» **GIVEN ENTRIES**:
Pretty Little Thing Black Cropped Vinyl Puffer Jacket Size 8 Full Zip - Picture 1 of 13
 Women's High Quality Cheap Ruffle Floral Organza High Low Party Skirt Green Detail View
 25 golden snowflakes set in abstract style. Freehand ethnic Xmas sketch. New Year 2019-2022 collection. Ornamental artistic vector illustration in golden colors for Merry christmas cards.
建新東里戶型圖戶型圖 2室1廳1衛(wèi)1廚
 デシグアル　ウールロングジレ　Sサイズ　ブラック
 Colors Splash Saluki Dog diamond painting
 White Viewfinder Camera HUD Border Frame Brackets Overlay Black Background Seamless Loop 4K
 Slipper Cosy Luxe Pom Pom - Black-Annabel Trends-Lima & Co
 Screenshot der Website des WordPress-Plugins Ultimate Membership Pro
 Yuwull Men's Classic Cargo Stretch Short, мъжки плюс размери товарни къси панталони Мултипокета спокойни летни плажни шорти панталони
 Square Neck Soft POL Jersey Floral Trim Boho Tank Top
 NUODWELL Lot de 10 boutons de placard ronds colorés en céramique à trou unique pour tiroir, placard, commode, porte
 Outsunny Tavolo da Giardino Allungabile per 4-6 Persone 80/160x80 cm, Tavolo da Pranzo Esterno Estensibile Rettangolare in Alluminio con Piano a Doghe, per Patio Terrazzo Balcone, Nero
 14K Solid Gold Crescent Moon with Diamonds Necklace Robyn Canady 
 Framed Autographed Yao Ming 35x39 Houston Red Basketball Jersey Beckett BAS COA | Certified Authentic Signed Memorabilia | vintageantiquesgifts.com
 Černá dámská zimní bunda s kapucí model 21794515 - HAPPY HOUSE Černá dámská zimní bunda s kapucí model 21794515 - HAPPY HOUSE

» **ASSIGNMENT**:
All of the material above must be transcribed exactly, with no line dropped.

» **EXERCISE RESULT**:
Pretty Little Thing Black Cropped Vinyl Puffer Jacket Size 8 Full Zip - Picture 1 of 13
 Women's High Quality Cheap Ruffle Floral Organza High Low Party Skirt Green Detail View
 25 golden snowflakes set in abstract style. Freehand ethnic Xmas sketch. New Year 2019-2022 collection. Ornamental artistic vector illustration in golden colors for Merry christmas cards.
建新東里戶型圖戶型圖 2室1廳1衛(wèi)1廚
 デシグアル　ウールロングジレ　Sサイズ　ブラック
 Colors Splash Saluki Dog diamond painting
 White Viewfinder Camera HUD Border Frame Brackets Overlay Black Background Seamless Loop 4K
 Slipper Cosy Luxe Pom Pom - Black-Annabel Trends-Lima & Co
 Screenshot der Website des WordPress-Plugins Ultimate Membership Pro
 Yuwull Men's Classic Cargo Stretch Short, мъжки плюс размери товарни къси панталони Мултипокета спокойни летни плажни шорти панталони
 Square Neck Soft POL Jersey Floral Trim Boho Tank Top
 NUODWELL Lot de 10 boutons de placard ronds colorés en céramique à trou unique pour tiroir, placard, commode, porte
 Outsunny Tavolo da Giardino Allungabile per 4-6 Persone 80/160x80 cm, Tavolo da Pranzo Esterno Estensibile Rettangolare in Alluminio con Piano a Doghe, per Patio Terrazzo Balcone, Nero
 14K Solid Gold Crescent Moon with Diamonds Necklace Robyn Canady 
 Framed Autographed Yao Ming 35x39 Houston Red Basketball Jersey Beckett BAS COA | Certified Authentic Signed Memorabilia | vintageantiquesgifts.com
 Černá dámská zimní bunda s kapucí model 21794515 - HAPPY HOUSE Černá dámská zimní bunda s kapucí model 21794515 - HAPPY HOUSE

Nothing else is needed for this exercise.